2011 Ford Transit Connect

2011 Ford Transit Connect

Ford Transit featured

What’s with this business of getting sensible? Doesn’t everybody know that the only way to haul stuff is in a monster pickup truck, or at least in a cavernous van?

It’s the American way. But it’s being challenged by none other than the quintessential native son, the Ford Motor Co., purveyor of ponderous pickups.

The instrument is the Ford Transit Connect cargo van, designed in Europe and built in Turkey. It’s the answer to a question a lot of people likely have asked, with nobody answering until now.

[![Ford Transit exterior](http://buyersguide.carsoup.com/wp-content/uploads/2011/09/Ford-Transit-exterior1.png "Ford Transit exterior")](http://buyersguide.carsoup.com/wp-content/uploads/2011/09/Ford-Transit-exterior1.png)That means the Transit Connect can easily be set up to support an electrician, carpenter, painter, plumber or handyman, or as a delivery vehicle for flowers, bakery, wine, milk or whatever.
The question: Why are we Yankees limited to big, fuel hungry vehicles to haul tchotchkes and tools, and to deliver packages and plumbing materials?

Travel to Europe and any number of foreign countries, and you will be lucky to see anything resembling the full-size American pickup truck or cargo van. Tradesmen and businesses are most likely to be trundling around in small Citroen or Renault vans similar to the modestly-sized US panel trucks of yore.

There are a few such vehicles in the U.S., notably the panel truck version of the Chevrolet HHR. But it’s essentially a conversion of the HHR station wagon and is going away in 2011.

The Ford Transit Connect, on the other hand, is a purpose-built vehicle that can be ordered as a dedicated hauler with no cargo-area side or rear windows—as was the test truck reviewed here—or with rear only or rear and side windows.

As a cargo van, it can be outfitted any number of ways, either professionally or by the do-it-yourself tradesman. It offers 135 cubic feet of space, accessible through twin side-hinged doors in the back and sliding minivan-style doors on the sides. (For an extra $190, the rear doors can be equipped with articulated hinges so they can swing entirely out of the way).

That means the Transit Connect can easily be set up to support an electrician, carpenter, painter, plumber or handyman, or as a delivery vehicle for flowers, bakery, wine, milk or whatever.

Moreover, Ford did its homework and offers options to make the chores easier.
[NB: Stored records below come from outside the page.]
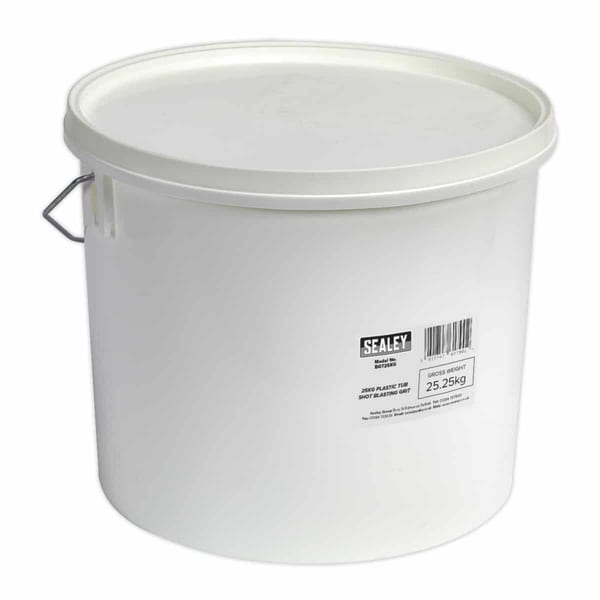 Shot Blasting Grit Tub 25kg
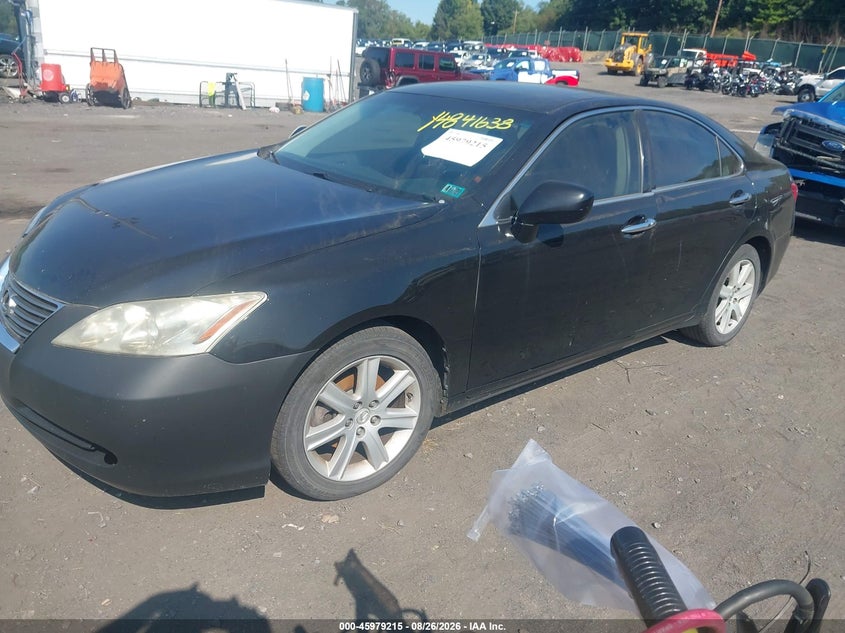 2007 LEXUS ES 350 auction photo 2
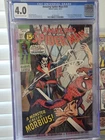 Marvel Comics Amazing Spider-Man #101 1971 CGC 4.0 Morbius 1st Appearance
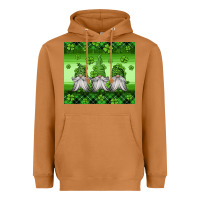 Meerkat st patricks gnomes Heavyweight Hoodie - Jasminsmagicworld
For $1,395, you can order an in-dash computer, which works off a wireless keyboard that you stow in a pocket in the driver’s door. With it, you can communicate with the home office, check inventories, do invoices and surf the web while away from headquarters.
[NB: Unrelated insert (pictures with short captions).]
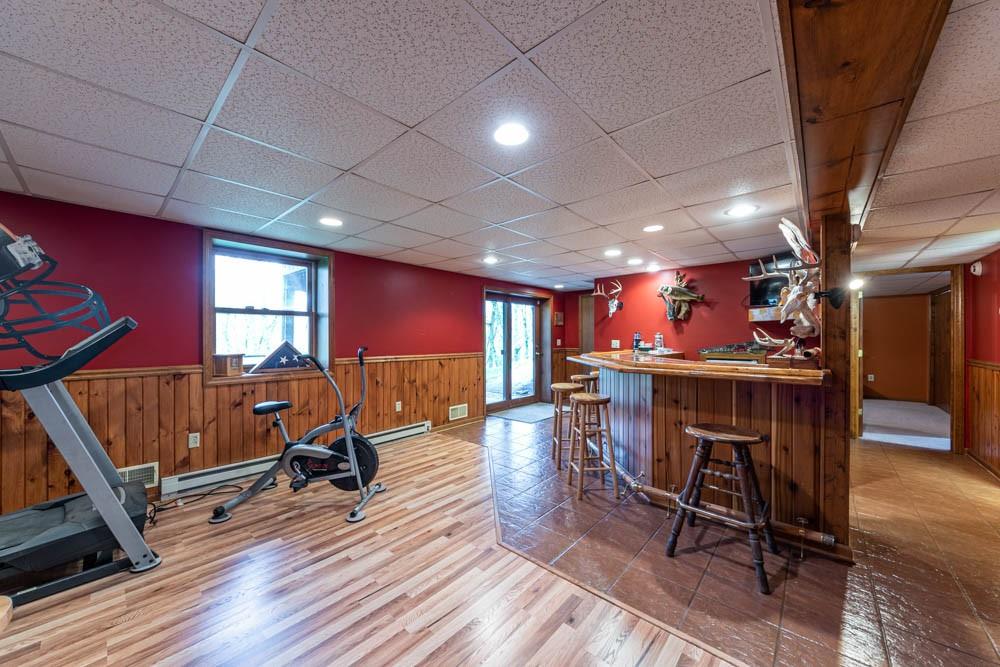 155 Glade Run Road Mars, PA 16046 - Photo 19 of 25 a view of a room with wooden furniture and windows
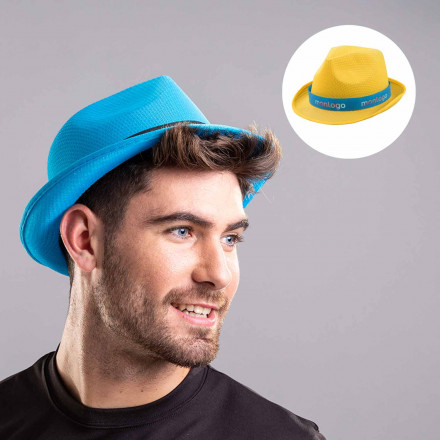 CHAPEAU PERSONNALISÉ 'BRAZ' QUADRICHROMIE
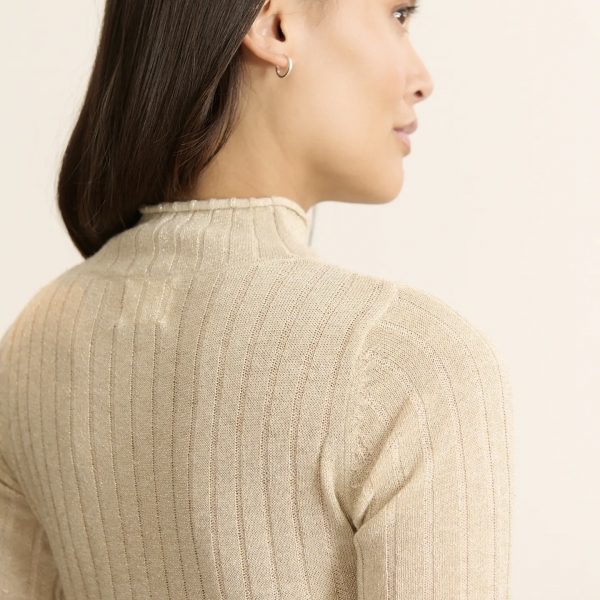 GARANCE PARIS Pullover PISTACHE beige – Bild 4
Another nifty option on the test vehicle was the $1,220 computerized tool link. It can keep track of as many as 50 tagged tools, so the worker manning the truck can find out instantly whether the tools needed for the job are actually in the van. It saves setup time.
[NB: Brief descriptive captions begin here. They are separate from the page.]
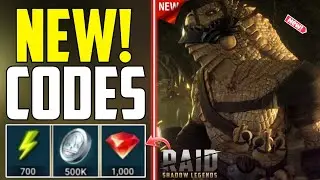 ⚠️NEW UPDATE⚠️ PROMO CODES FOR RAID SHADOW LEGENDS - RAID SHADOW LEGENDS CODES - RAID CODES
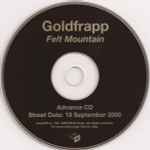 Goldfrapp - Felt Mountain | Releases | Discogs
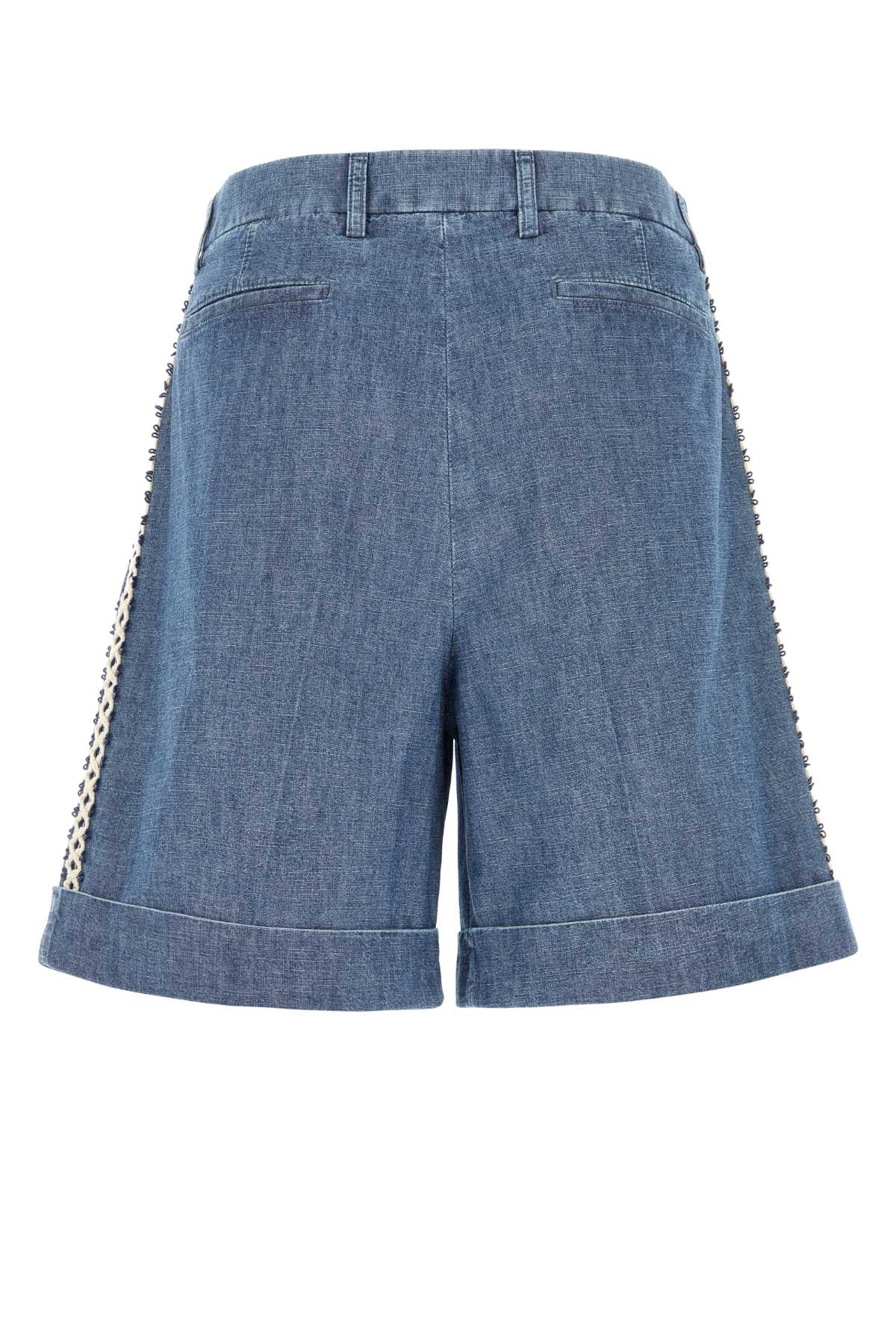 [Valentino Garavani] Shorts SS26 8V3DD14BAL4 558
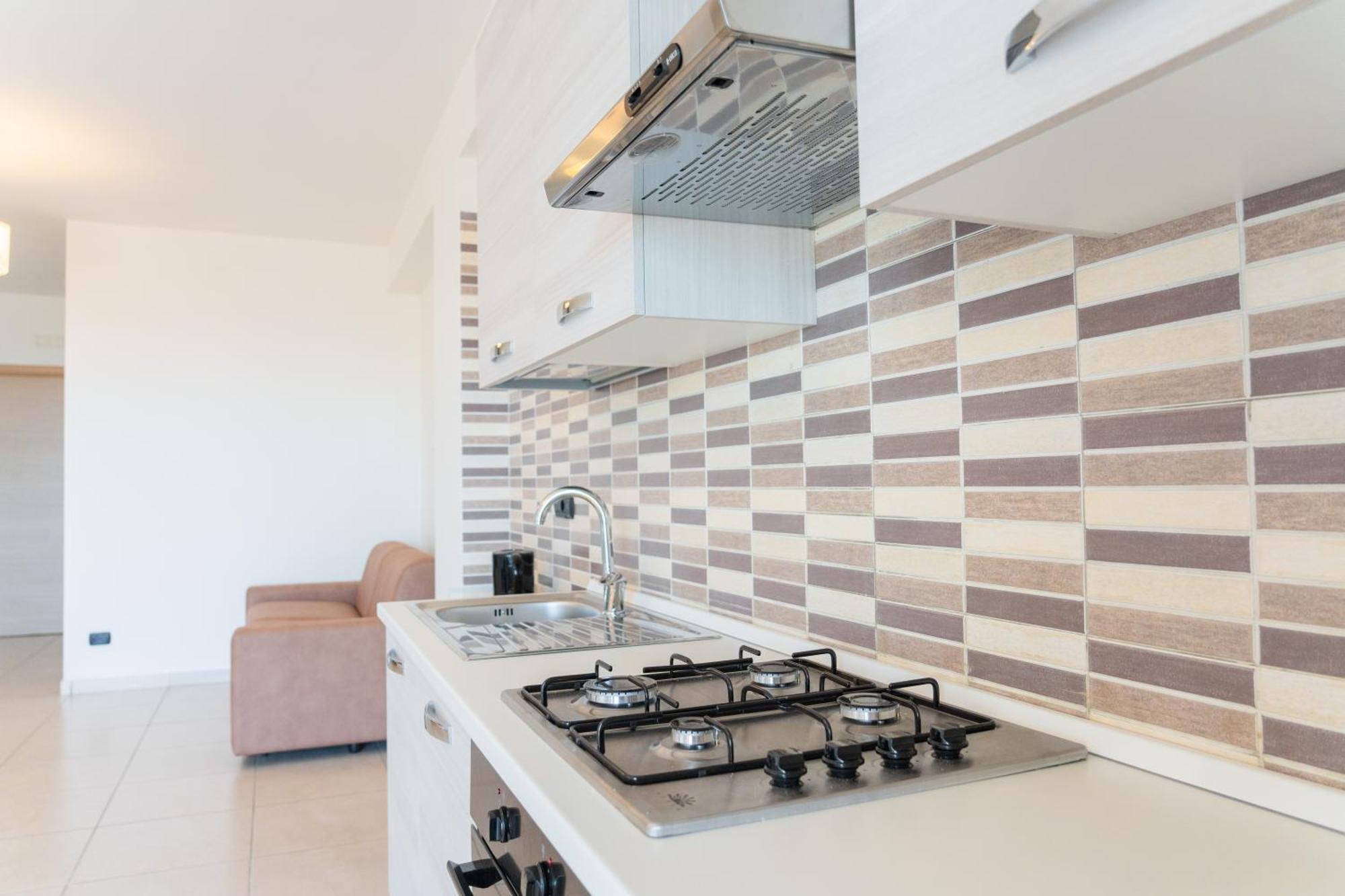 Apartament Free Parking Napoli Vista Mare Zewnętrze zdjęcie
The Transit Connect also can operate as Big Brother Watching You. With so-called crew chief telematics, the boss back at the office can follow the vehicle’s location and speed, and even track the amount of idle time.

Perhaps the most important aspect of the Transit Connect, however, is what it costs to buy and operate. The tested XLT cargo van had a base price of $22,995. With the aforementioned tool link and on-board computer, along with a few other options, it checked in with a bottom-line sticker price of $25,520. That’s about half of the cost of some full-size V8 pickup trucks.

It also delivers comparatively decent fuel economy of 21/26 miles to the gallon of gasoline on the EPA’s city/highway cycle. Obviously, that won’t hold if the Transit Connect is hauling its rated 1,600-pound payload, but it’s still better than a V8 or even a V6 large van or pickup truck. It would do way better, however, if Ford offered the diesel engine that is available on European models.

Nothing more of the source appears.